Sunday, 9 October 2011

Family History

I began tracing my family history about 10 years ago before the days of all those fascinating programmes magically unearthing amazing links to historic figures in the past of celebrities - and of course much harder work than it appears too! Being the actual searcher and having the experience of handling the enormous paper registers at the family records office with its earnest and hushed atmosphere - is an unbeatable experience. I am glad too that I have had the experience of hand cranking the microfiche machine when I compare it with the infinitely faster online method. Still I am grateful to the internet for the new opportunities it has given us to track down more and more information about our ancestors and for the online community of relatives it reveals to us.

It can still be a fraught business and lead you up the wrong path. Having found wall to wall working class crafts people on both sides of my parents' family lines I was, for one nano second, interested to see the splindly words Lawyer written on a marriage certificate - only to realise it said "Steam Sawyer".(yet more woodworkers!)

Tracking down my grandmother took another wrong path initially.
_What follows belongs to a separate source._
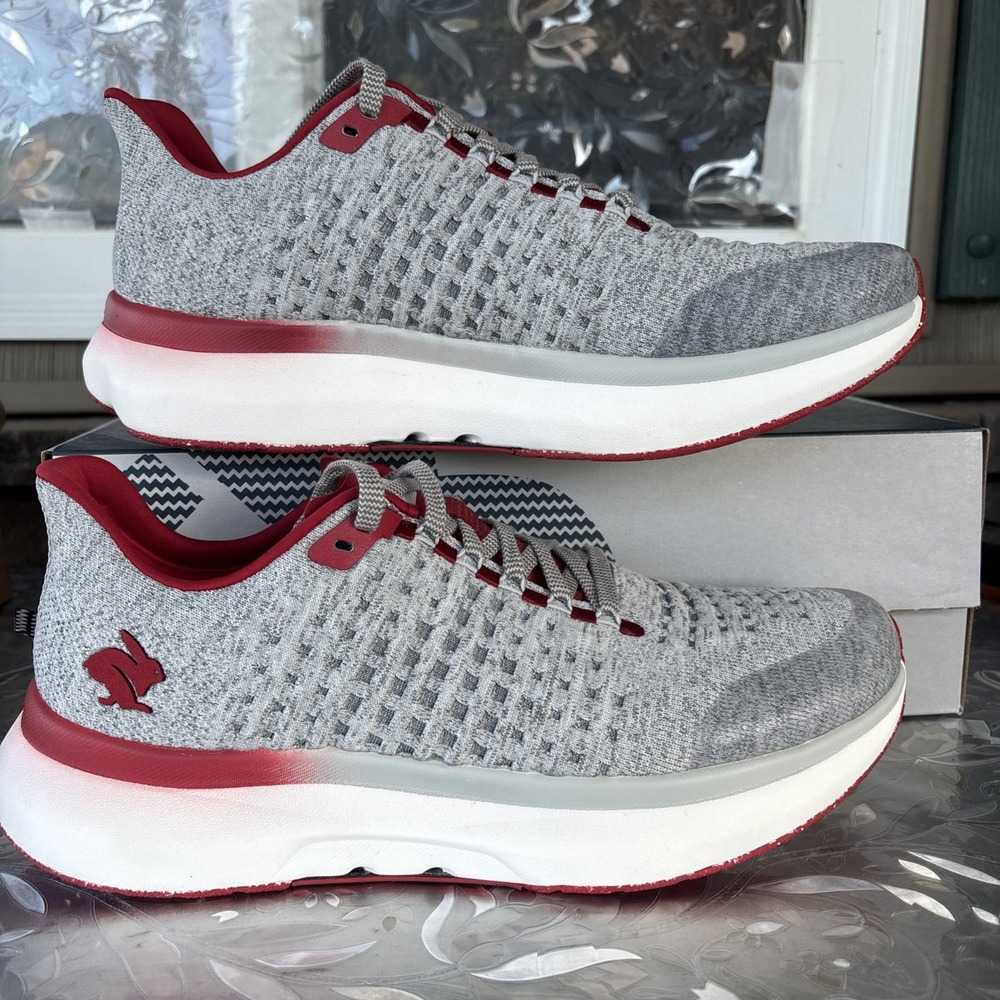 Rabbit Men Dream Chaser Running Shoes Scarlet Sage Grey Knit RMSDC-650 Size 11.5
Not a very common combination of names and the same birth year turned up - unbeknownst to me - two candidates. I only spotted one and established a story in my head about how my grandmother had come from alkali labourer stock in the Preston area. Later in transpired that she came from the only middle class part of my family history. Her family, it seems, were in the luggage trade and were located in a wealthy part of central London. Here is my grandmother in her Edwardian hat in about 1915:
Family group
There is a lot of interest in the census records. Over the years this 10 yearly audit added more fields of information but the sense of overcrowding, the age of the children already working, whole families engaged in one industry...the glove trade on the other side...and the mortality rates...fascinating stuff.

It was the sepia postcard photograph of this family group that set me off I suppose - given to me for safe keeping by my father but I think it is the lives of the working families that interest me the most. I try to imagine what kind of conditions a dyer might have endured in 1840s  Devon, or what it was like to be a female home worker making gloves. I have travelled to London and the west country in search of streets and houses to try and get a sense of my ancestors and visited their graves where I could to add to my knowledge and been greatly rewarded and frustrated in turn. I have enjoyed every minute of it though and almost wish I could start all over again!

1 comment:

  1. They do make it look very easy on that TV programme, don't they. It sounds like you've done really well tracing your family. We've tried but we can't get beyond the pogroms in Russia in the early 1900s. All records were destroyed. I do love sepia photographs. Aren't those hats amazing.